Media is a combination of my former Watch and Read folders and now contains Fliks for managing my Netflix DVD queue (Netflix if your listening, I’m still angry you removed that from your own app.), HBO Go, IMDb, Kindle, Netflix, SwagbucksTV for earning quick Swagbucks, SportsCenter for updates on my favorite teams, and WatchABC for streaming to my new Chromecast.

The next three folders could realistically be combined in some form, but I haven’t worked it out yet. My $ folder contains all my financial apps, and Save contains apps like Checkout51 and Ibotta. Shop contains Starbucks, Amazon, and cPro for Craigslist.

Social contains all my social media apps: Alien Blue for Reddit, ESPN’s Fantasy Football app, Goodreads, Instagram, Pinterest, Paper by Facebook (this app lets me keep Messages and Facebook in one app rather than two), Tweetbot, and Yammer (for work notifications).

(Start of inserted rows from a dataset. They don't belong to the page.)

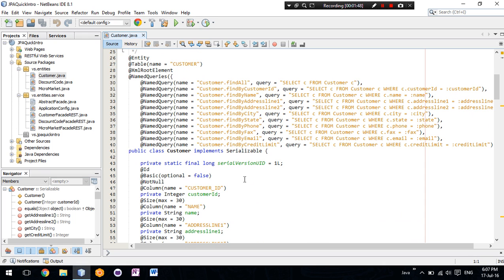We can see here that our entity class, the customer one, relates to the table customer in our database.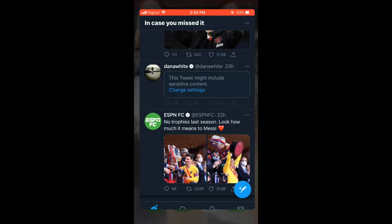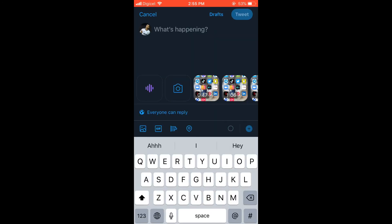Then right beside tweet in the top right hand corner you will see drafts. You'll simply tap on that and there you'll see your saved drafts.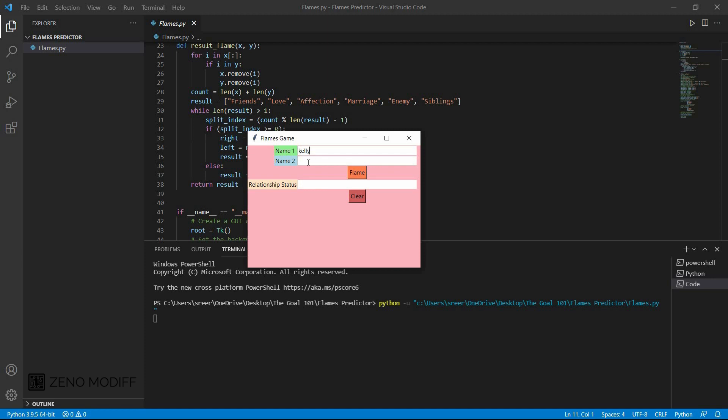This is a simple game which you can make using Python without any other modules by only using Tkinter modules and array type. We have the array which I have set like flame name: f for friends, love for l, a for affection, m for marriage, and e for enemy, and also s for siblings. From the array we are choosing a random name according to the name listed with the length module. This is how you can make your very own DIY flame game using Python.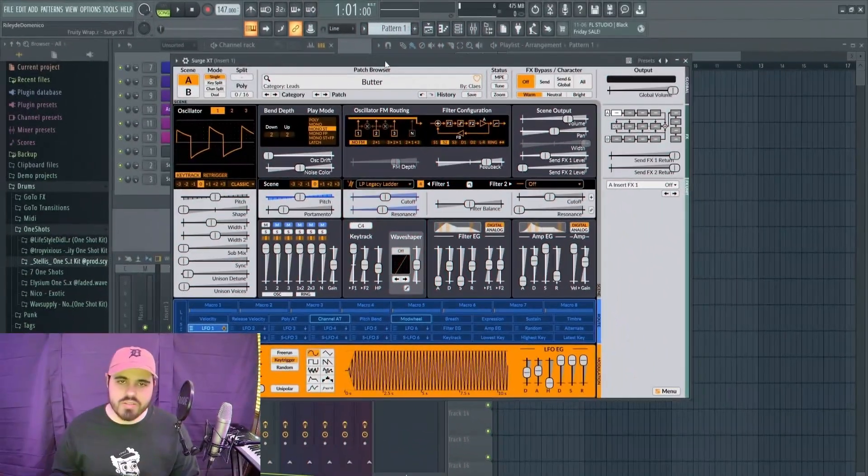What's good y'all, Riley Beats here. Today we're going to be talking about three awesome free VSTs. The links will be down in the description. If you could leave a like, comment, and subscribe, I would greatly appreciate that. Now let's get right into it.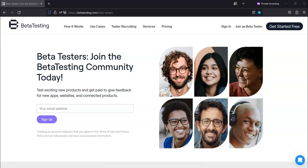If you're interested in joining beta testing, you can go to their website at betatesting.com forward slash beta dash testers.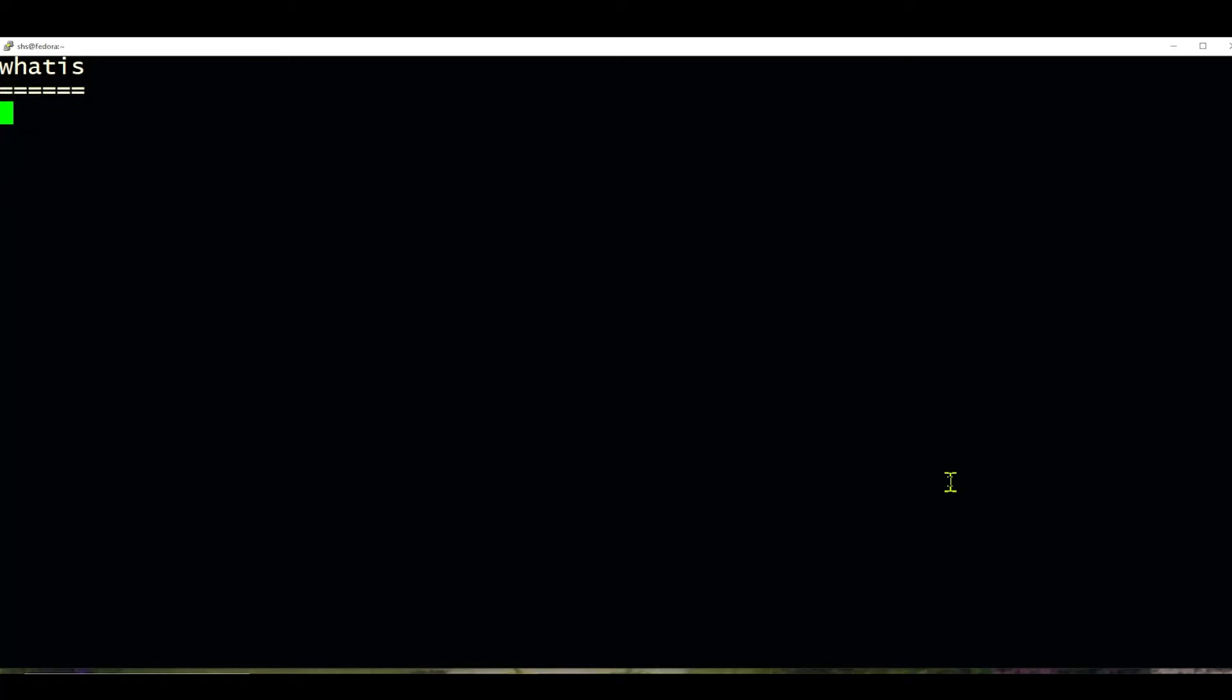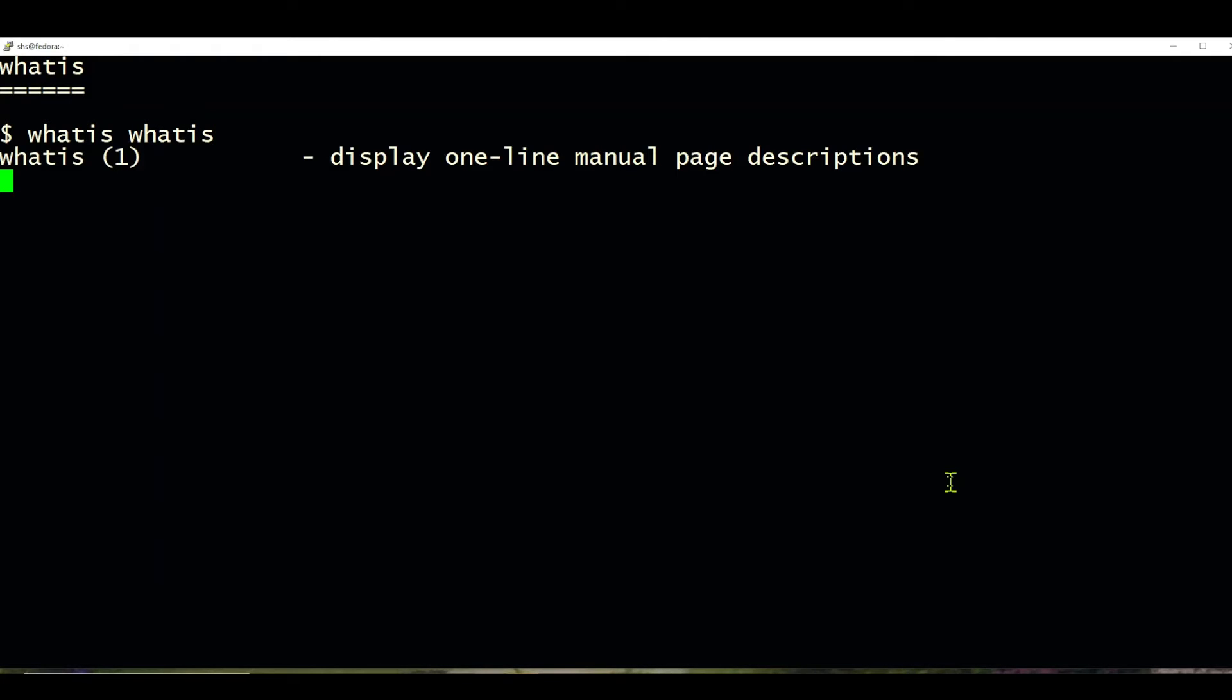It's a helpful command that will give you a one-line description of any command that you ask about. For example, we can issue the command whatis whatis, and you'll get this one-line description of the command.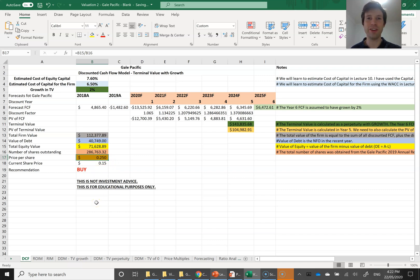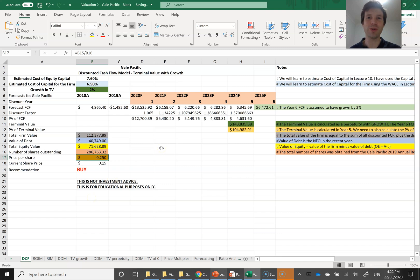As I've said in all these videos, it's not investment advice — I'm not recommending you buy this company, I'm just showing it as an illustration of how to implement the models. That's all for the free cash flow model. Thank you very much.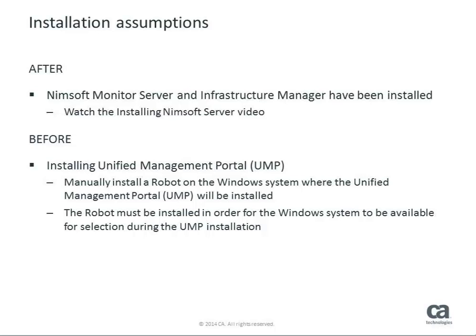During this video, you will be presented with the steps taken to manually install a CA Nimsoft robot on a Windows Server. In this example, we will install the robot on the Windows Server on which we plan to install the CA Nimsoft Unified Management Portal, or UMP, for our CA Education Classroom Lab environment. The robot must first be installed so that the server is available for selection during the UMP installation.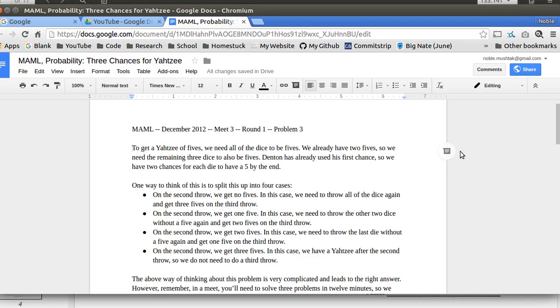To get a Yahtzee of fives, we need all the dice to be fives. We already have 2 fives, so we need to get the remaining 3 dice to also be fives. Denton has already used his first chance, so we have 2 chances for all 3 dice to have a 5 by the end.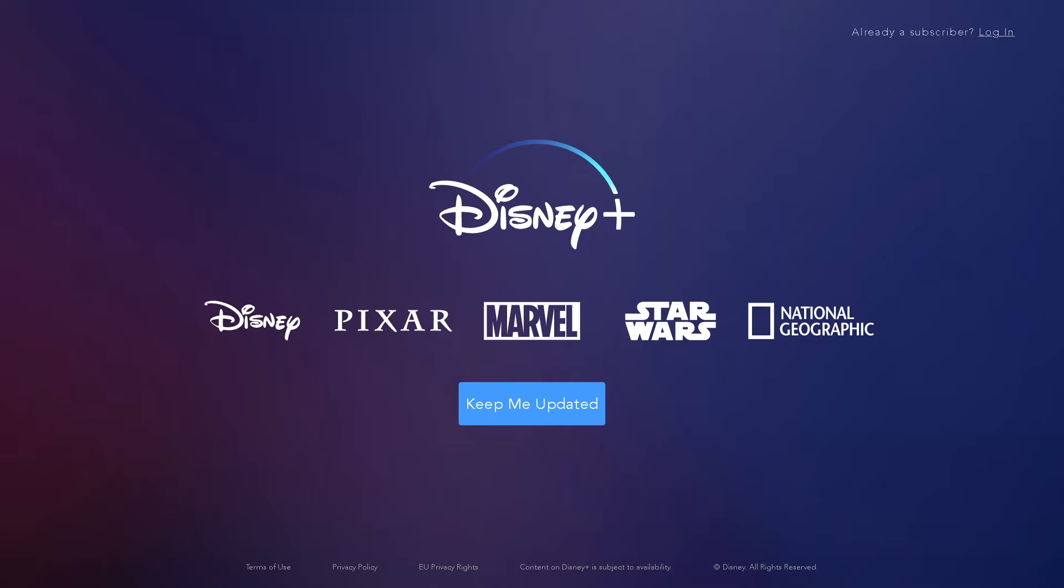It will roll out in Australia and New Zealand a week later, that will be on Tuesday, 19th November 2019. How can I watch Disney Plus?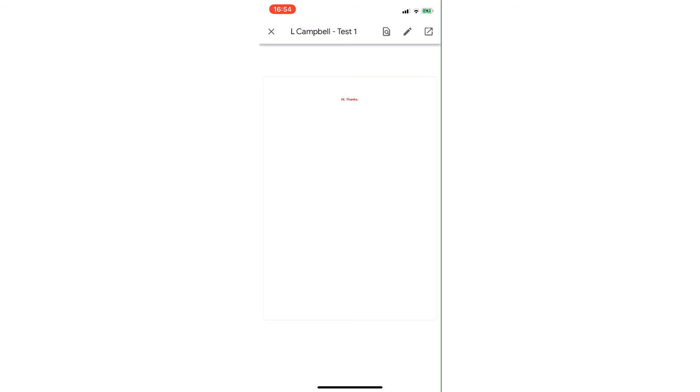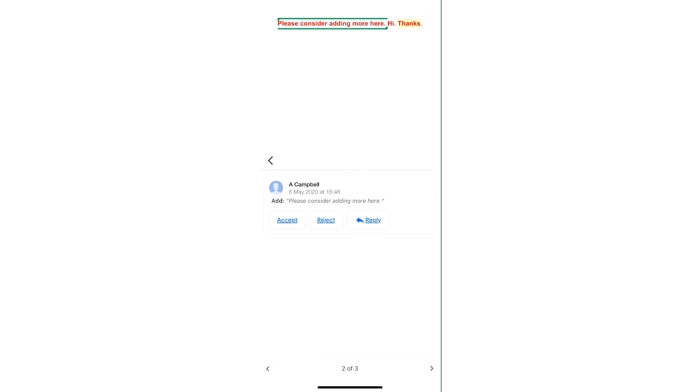So what this is going to allow me to do is see the green writing, the suggestion mode that the teacher had on is highlighted in green and I can see that please consider adding more here as a suggestion. When I click on that I can either accept or reject or reply to that, so if I want to maybe accept that I can make the changes and go from there.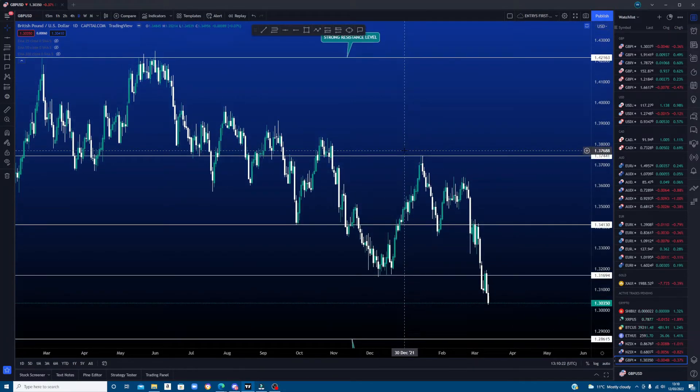Step 3: place a box around the horizontal lines. This will act as a zone. Price will not always hit a certain price exactly, so we use these as a guideline.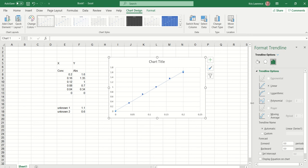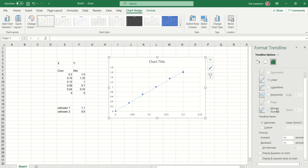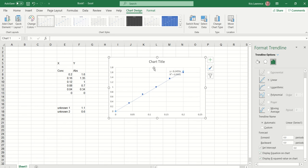Now for the line of best fit, there are a couple of things we want to set. On the right-hand side here are the options for formatting the trend line. What we want to do is set the intercept to zero — we know our blank had zero concentration, so we want to force the line through the origin. You can also tick the other boxes to display the equation and your R-squared value.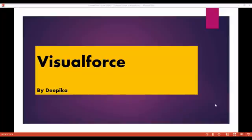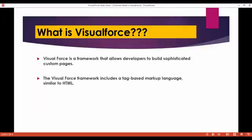It's a scripting language. If you know HTML, there we have different tags — in Visualforce also we have tags. Visualforce is a framework that allows developers to build their own sophisticated custom pages, and the Visualforce framework includes a tag-based markup language similar to HTML.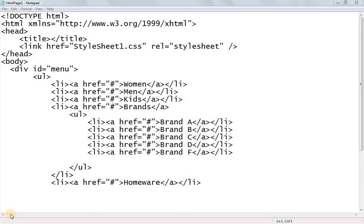In today's session, we are going to be talking about a dropdown navigation menu using CSS and HTML. I am going to show you a sample of the dropdown navigation menu.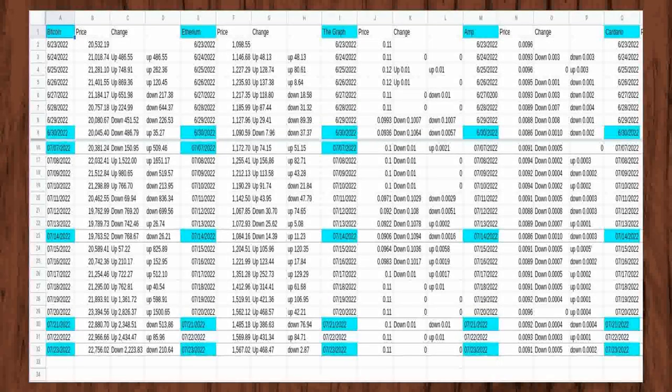The fourth day of tracking prices on Coinbase was June 26, 2022, and I was watching the prices for Bitcoin, Ethereum, The Graph, and AMP. I just started watching the prices for Dogecoin, Polkadot, and Shiba Inu on this day.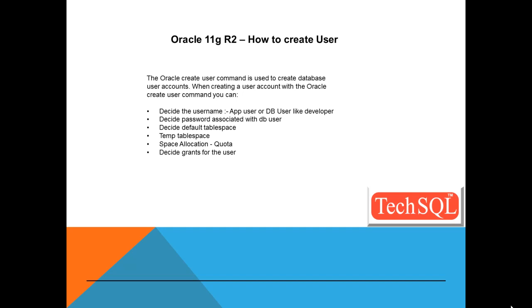You'll have to decide the password associated with the DB user, decide default tablespace, temporary tablespace, how much space you want to allocate to the user, and what are the privileges you want to give to the user.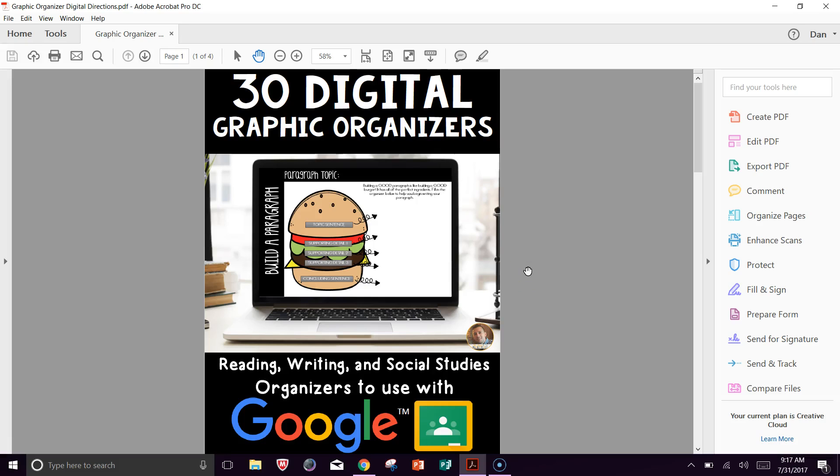Hey everyone, I just wanted to do a quick tutorial on using digital resources in the classroom along with Google Classroom. A lot of you have been asking me about how to use these resources in Google Classroom, so I wanted to show you very quickly how I would bring a resource into there to use with my kids.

And last but not least, my Utilities folder which holds more miscellaneous apps: Deliveries (for tracking packages), Drafts, DUO Mobile (2-factor authentication), #Homescreen for posting to homescreen.is, IFTTT, Launch Center Pro, QRReader (on it’s way off my phone), Swype (a third party keyboard that makes up for how badly I type on my phone) and TextExpander.

I’m always curious about how people organize their home screens, and to my surprise I find a lot of people end up with similar set ups to mine – mainly the first page of actual apps with a second page of folders. Leaving an empty row at the bottom of the page is also common.

So how do you organize your home screen?